This is our story, Love reaches out to us and we reject Love.  So what does He get out of all of this?

If you back up further, I think there’s a question that comes before, “What’s the upside for God?”  I think the first question is, if God is Omniscient (and He is), “Why did He set all this in motion in the first place?”

I think Jesus told us the answer when He met Nicodemus…God so loved.  The God who is Love, the Triune God, who lived in perfect community with Himself (the Father, the Son and the Holy Spirit) loved so much that He wanted to express that love and multiply it.  Love created us to love us and for us to be so loved that we would multiply that love in all the earth.

Love creates, Love expresses, Love needs an object.

We were created to be loved by Love Himself and to express that love.  And that is how it becomes about us.  We are the creation and object of His love.

But He knew we would reject Him.  He knew we would reject Love instead of receiving it and living it.

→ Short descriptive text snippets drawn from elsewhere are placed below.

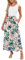 AUSELILY Robe Longue d'été Unie sans Manches pour Femmes en Vrac Robe Longue Décontractée avec Poches Rose Floral Vert S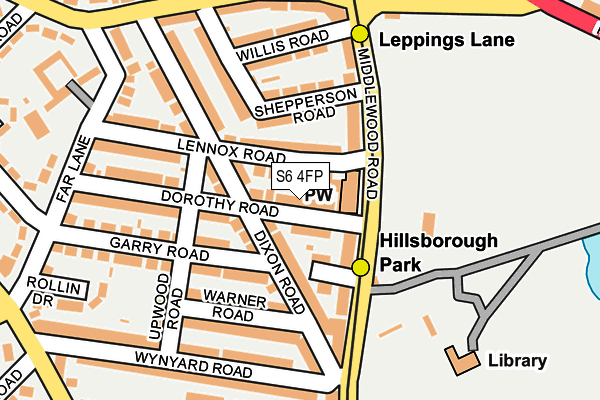 S6 4FP map - OS OpenMap – Local (Ordnance Survey)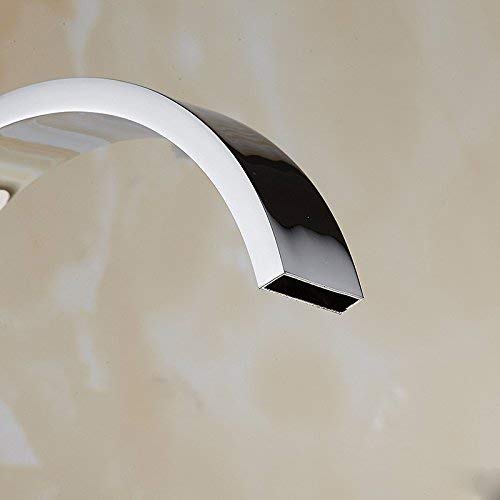 Robinet de cuisine chrome rétro à levier unique pour îlot central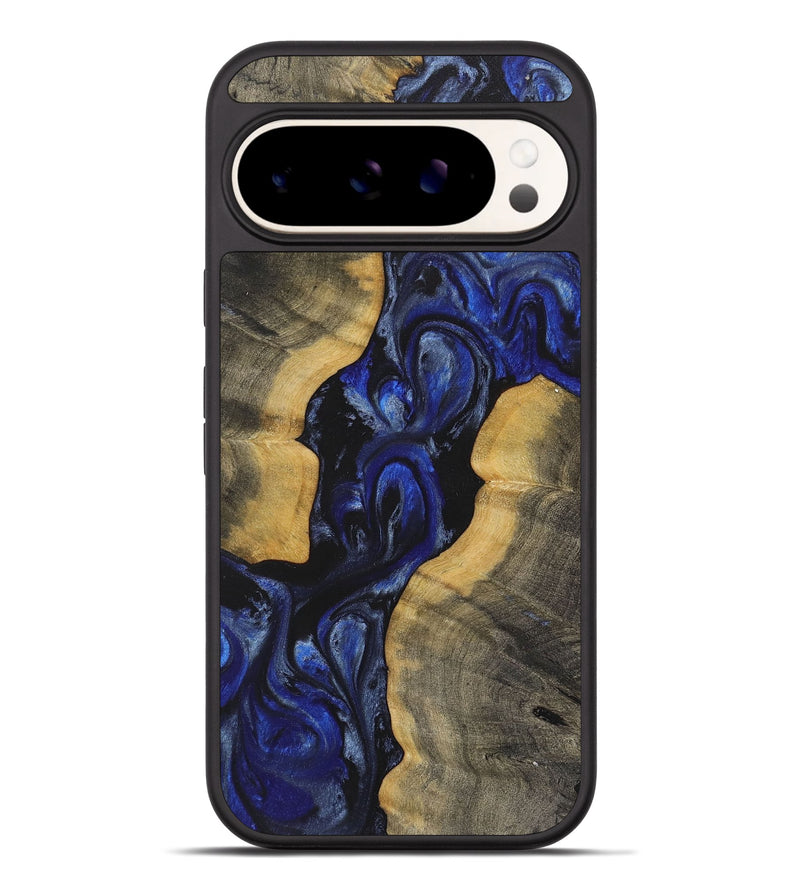 Pixel 9 Pro XL Wood+Resin Phone Case - Clayton (Blue, 711347)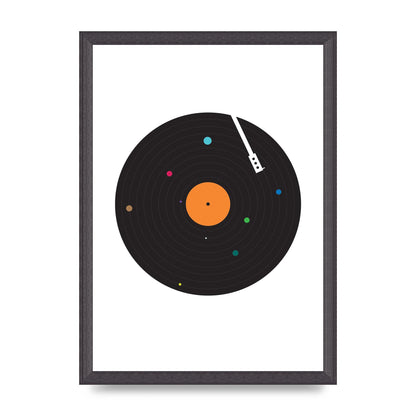 Vinyl Space Wall Art - A3 framed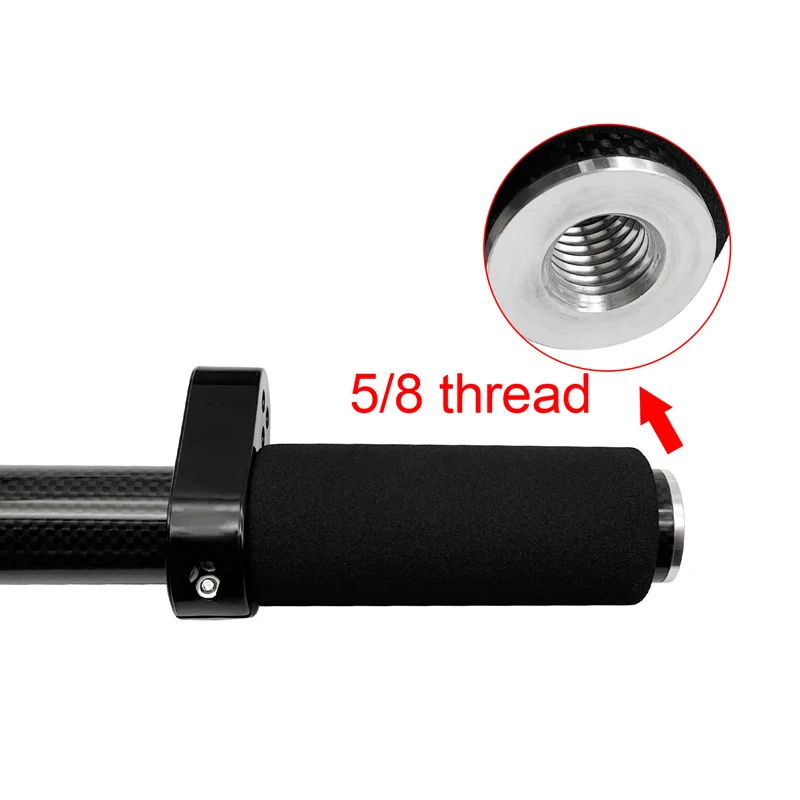 스폰지 GPS RTK 2M 탄소 섬유 측량 폴, GPS 측량, 로고가 있는 2 섹션 범용 프리즘, GPS 폴 센터링 로드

So again, why?  Because He is Love regardless of what we do, whether we love Him in return or not.  He continues to be Love and to Love.  He is the definition of unconditional Love.

As believers in Jesus Christ, reigning in life is allowing the Love of God in us, that Love that created us, saves us and transforms us from the inside out, to reach out to others.  It’s exactly what God said to Adam and Eve, “Be fruitful and multiply.”  It’s the same thing Jesus said to His disciples, us, “Go make disciples.”  Jesus also said, “Love one another as I have loved you.”

How did Jesus love us?  Unconditionally, fully and completely.  He gave all of Himself for us, knowing not all of us would receive it.  Knowing in fact that many would reject His expression of love and refuse to be the object of His love.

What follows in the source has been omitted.